DATASET CONTENT:
──────────
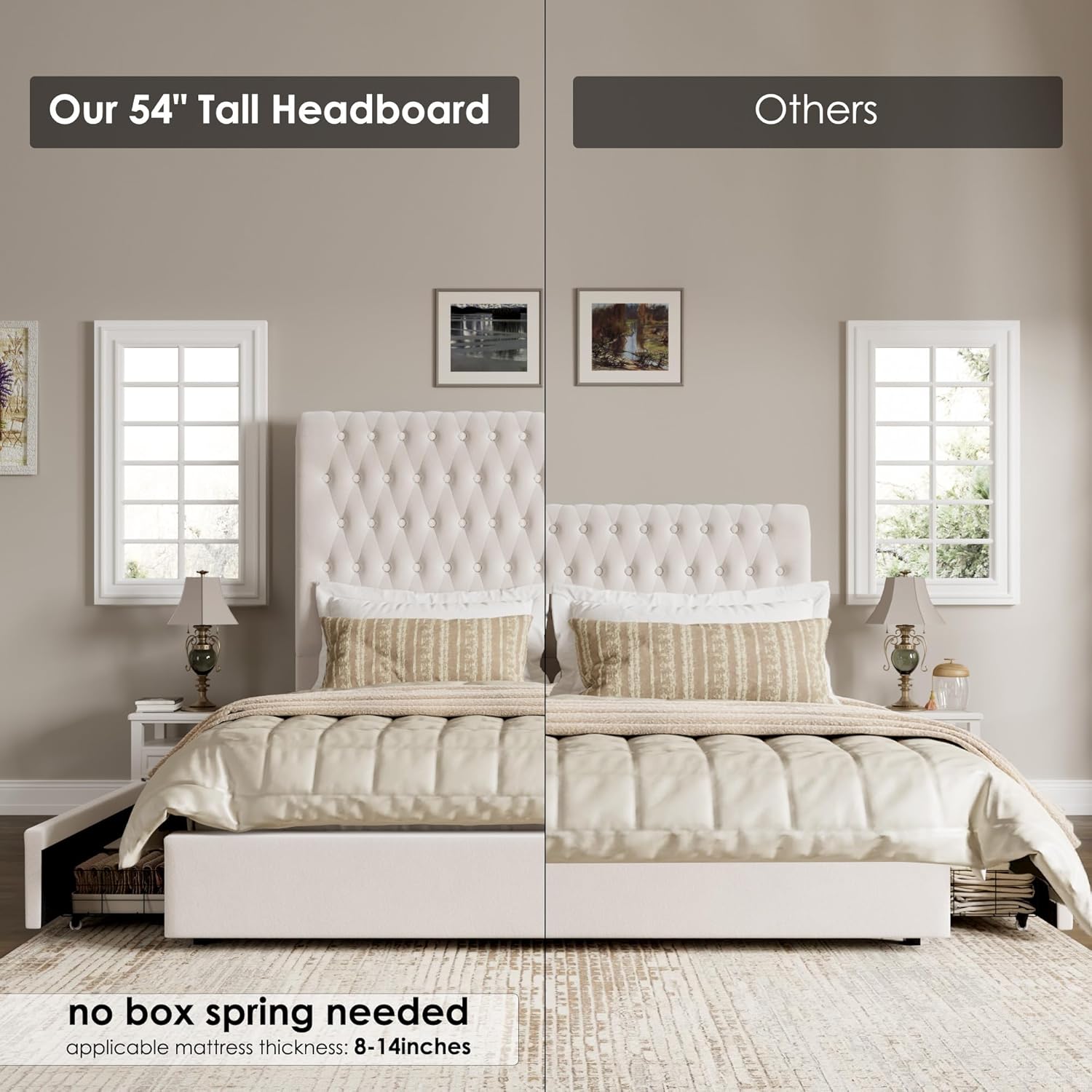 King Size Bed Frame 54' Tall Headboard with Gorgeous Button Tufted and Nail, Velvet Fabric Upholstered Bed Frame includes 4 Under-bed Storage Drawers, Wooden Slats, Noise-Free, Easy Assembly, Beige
──────────
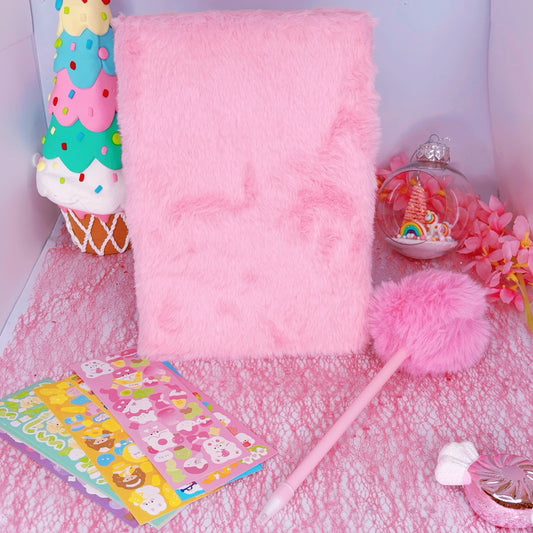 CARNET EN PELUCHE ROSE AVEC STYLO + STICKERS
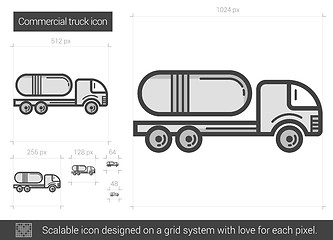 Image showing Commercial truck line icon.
──────────
EXERCISE DETAILS: Pictures aside, print exactly the lines above starting with the one containing "CARNET EN PELUCHE ROSE AVEC STYLO + STICKERS" and going on through the one containing "Image showing Commercial truck line icon.".

OUTPUT:
 CARNET EN PELUCHE ROSE AVEC STYLO + STICKERS
 Image showing Commercial truck line icon.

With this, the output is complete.